Extracted information: Begin

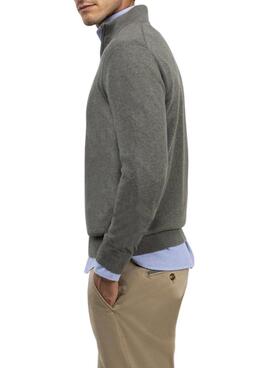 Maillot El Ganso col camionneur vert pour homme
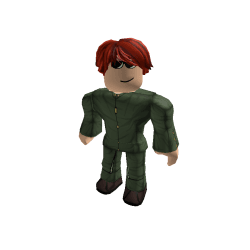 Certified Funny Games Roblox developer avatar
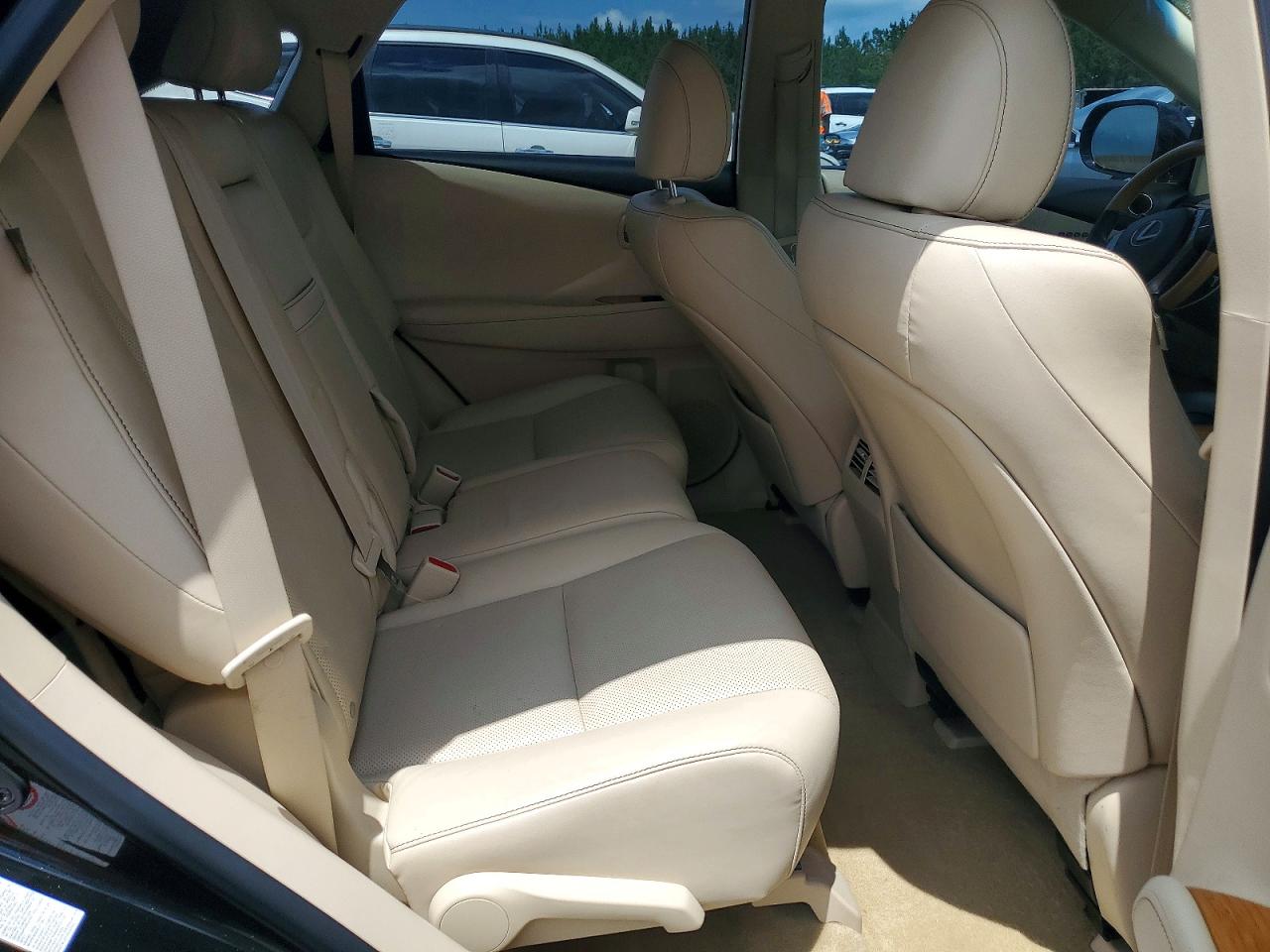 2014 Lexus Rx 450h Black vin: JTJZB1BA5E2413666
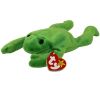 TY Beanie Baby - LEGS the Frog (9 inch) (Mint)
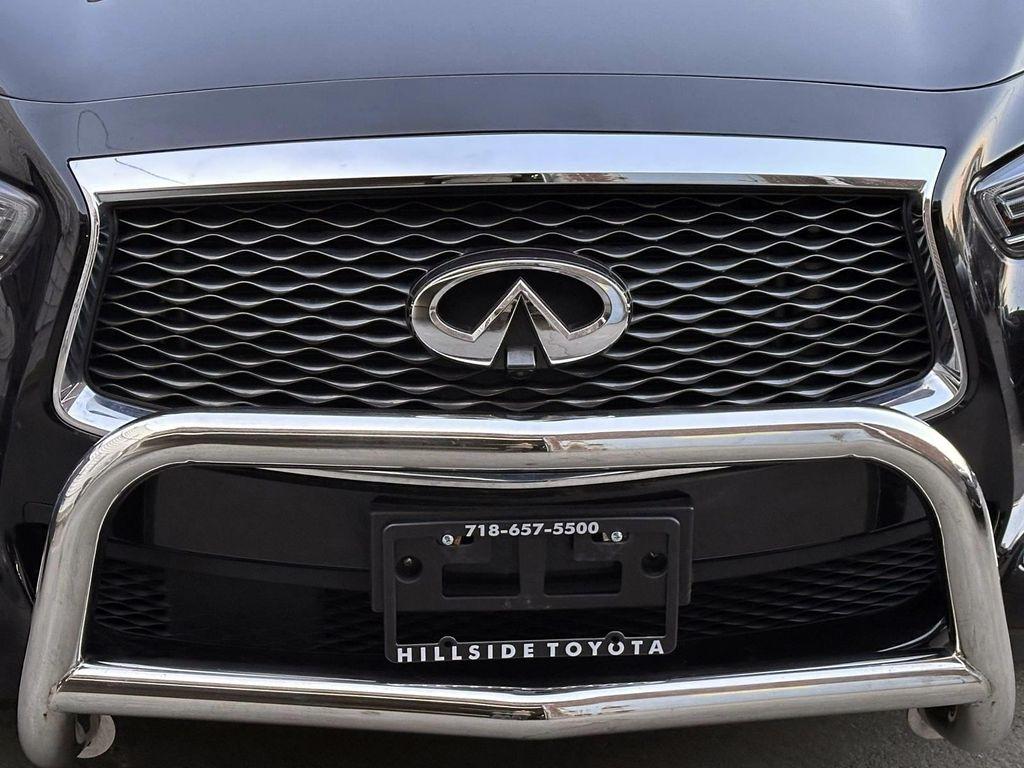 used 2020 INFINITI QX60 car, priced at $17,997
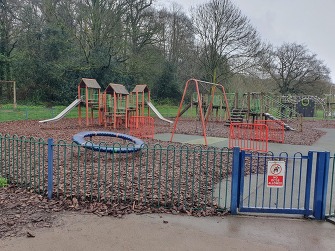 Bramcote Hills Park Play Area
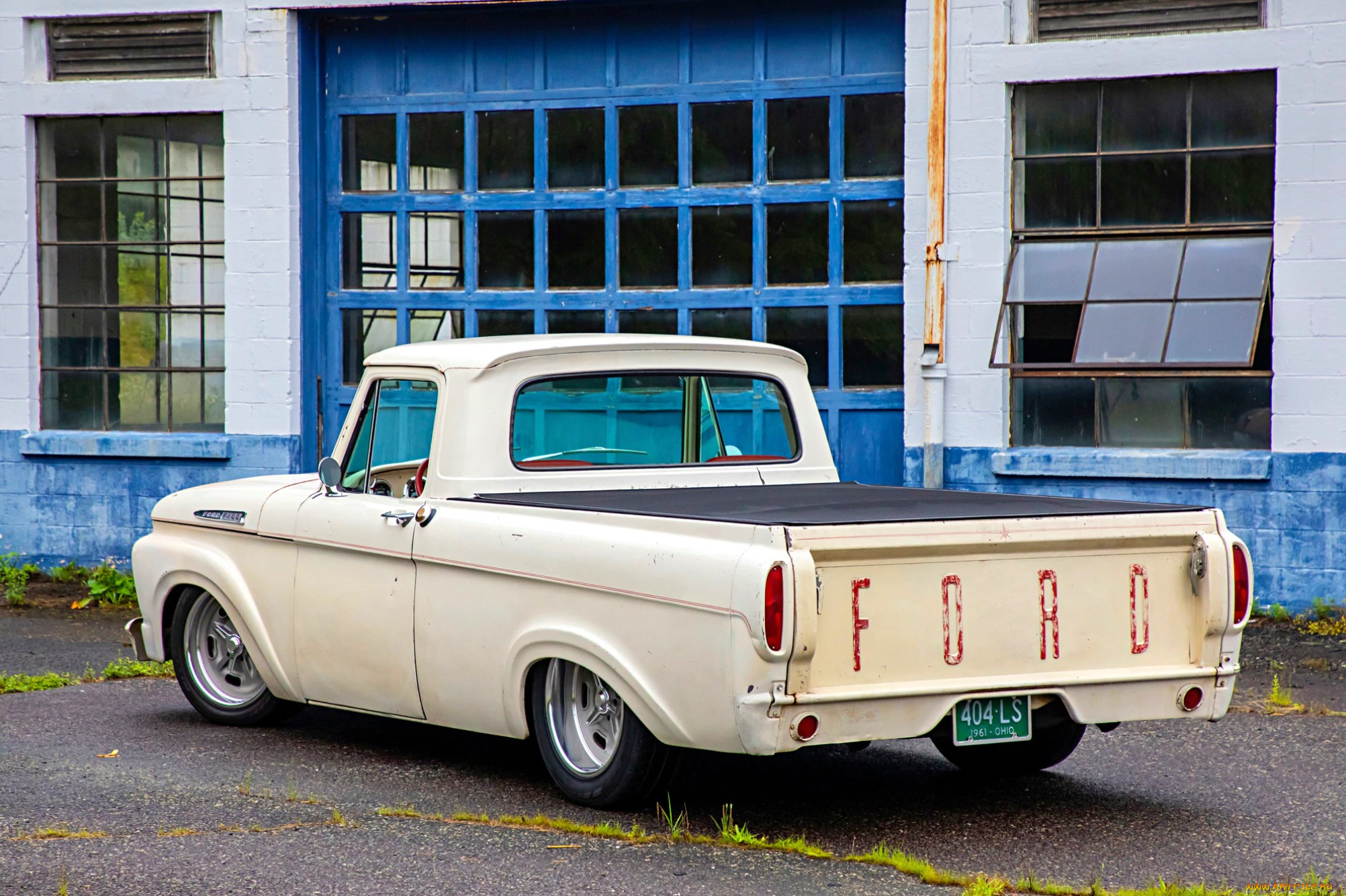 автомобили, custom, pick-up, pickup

Extracted information: End

> **What you are asked to do**
Could you please write out the entries exactly as they are, with every picture left out?

> **Answer to this exercise**
 Maillot El Ganso col camionneur vert pour homme
 Certified Funny Games Roblox developer avatar
 2014 Lexus Rx 450h Black vin: JTJZB1BA5E2413666
 TY Beanie Baby - LEGS the Frog (9 inch) (Mint)
 used 2020 INFINITI QX60 car, priced at $17,997
 Bramcote Hills Park Play Area
 автомобили, custom, pick-up, pickup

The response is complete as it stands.